‘Wall of Valour’: Tribute to bravery of paramilitary, state police forces
Chandigarh, Sep 29 (IANS) They guard the borders and are in the forefront of the battle against the Maoists, at times operating in conditions more adverse than those faced by the army. And yet, the Central Armed Police Forces (CAPFs) and state police forces soldier on. Now, ‘Wall of Valour: Tribute to Martyrs’ by short-film director and storyteller Beenu Rajput, records the story of two martyrs who laid down their lives in the line of duty.
“This documentary is about two martyrs hailing from Yamunanagar (in Haryana) and Srinagar (in Jammu and Kashmir). Rocky, 25, a Shaurya Chakra awardee of the 59 Battalion, lost his life while protecting 44 fellow BSF (Border Security Force) troopers when their convoy was attacked by terrorists near Udhampur in August 2015. Sub-Inspector Altaf Ahmad Dar, 30, of the J&K Police was killed in October 2015 during a covert operation,” Rajput, who researched the heroics of these brave-hearts and tracked their activities and families for the documentary, told IANS here.
Ahmad, also known as ‘Altaf Laptop’ for his expertise in tracking top militants through technological surveillance, and “24-hour cop”, for his dedicated round-the-clock work to track down militants, was considered a big loss for the counter-terrorism operations in the troubled state.
Rajput is currently screening the documentary to personnel and families of paramilitary and state police forces and students in academic institutions.
“More such films should be made to represent the valour of the Indian defence line. These films infuse inspiration in youth and reflect the passion and commitment of forces towards the nation,” said Rajesh Kumar, Deputy Inspector General (DIG) of the Indo-Tibet Border Police (ITBP) Centre at Bhanu near Panchkula, where there was a special screening recently of Rajput’s documentary.
“Data suggests that over 20 lakh police personnel are deployed in the state police forces and around 10 lakh with the CAPFs. Since independence, over 36,000 troopers and police personnel have sacrificed their lives for the nation,” said Rajput, whose documentary was produced by the NGO PPCT and supported by Delhi’s Hamari Police NGO.
Before this, Rajput, who is an independent short-film maker, has also made “Born to Dance” based on noted Kathak dancer Shovana Narayan; “Main Hindi Hoon” on the ups and down of the Hindi language; and “Kaba-e-Hindustan” on the Benaras journey of poet Mirza Galib.
“Movies touch our hearts, awaken our vision and change the way we see things.

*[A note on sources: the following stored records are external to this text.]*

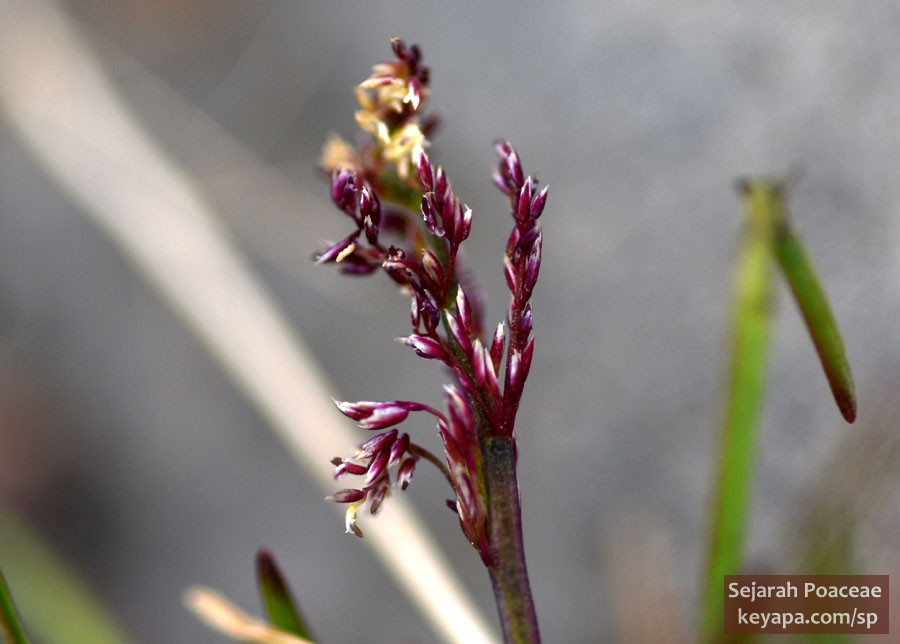 Phippsia algida inflorescence.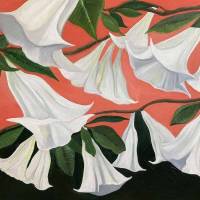 Danny George Wilson au bon endroit ?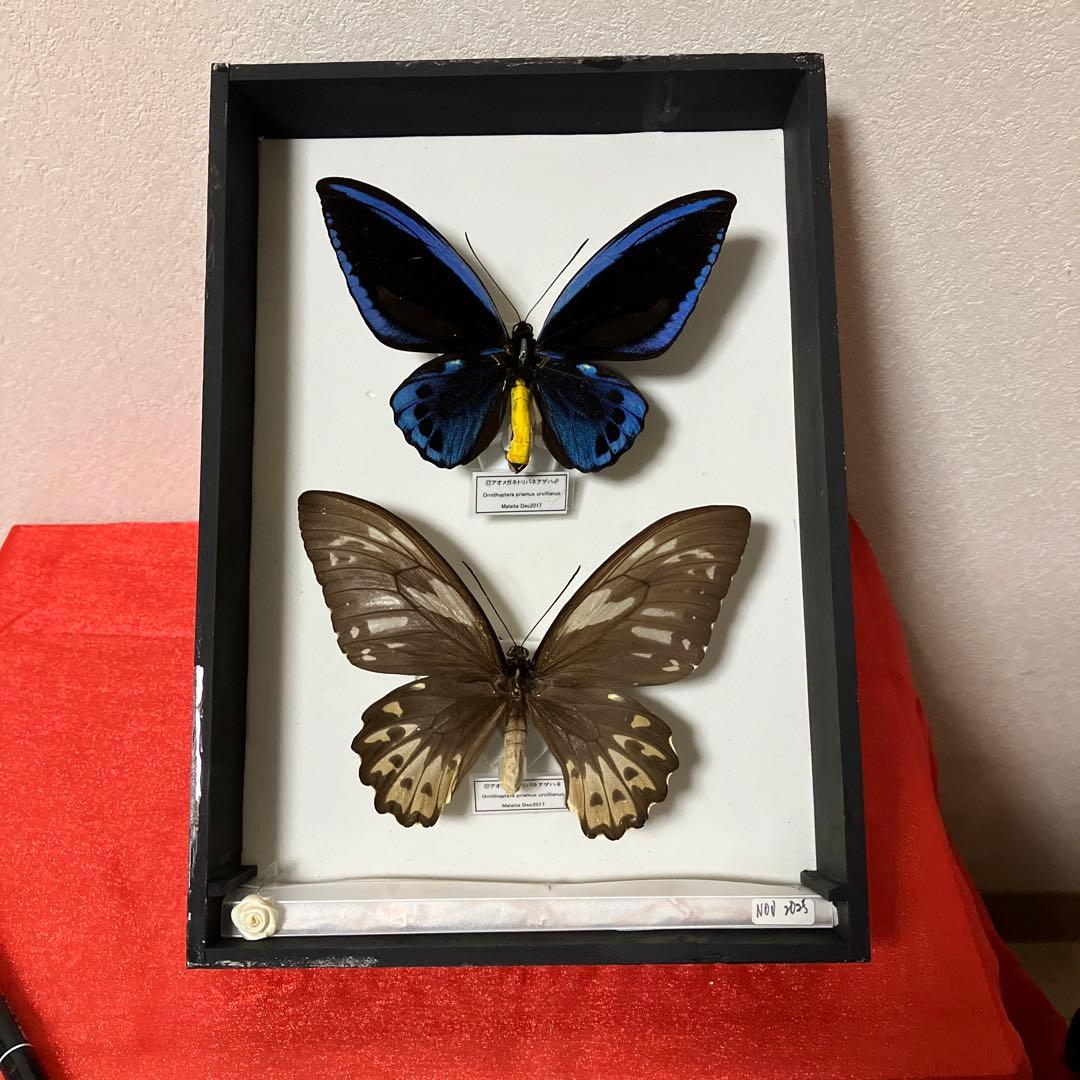 Ornithoptera priamus urvillianus 蝶の標本 ♂♀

They take us to other places, they open doors and minds. Movies are the memories of our lifetime, we need to keep them alive. A storytelling documentary expands our understanding of shared human experiences, fostering an informed, compassionate and connected world,” she said.
“For me, shooting documentary style is the most interesting way of seeing the world and telling a story. I don’t like the contrived way the theatrical movie is conceived and put together. If the movie is based on a novel or a stage play, then the filmmaking process is only a copying medium. There’s no art in it. The adaptation process is important,” Rajput added.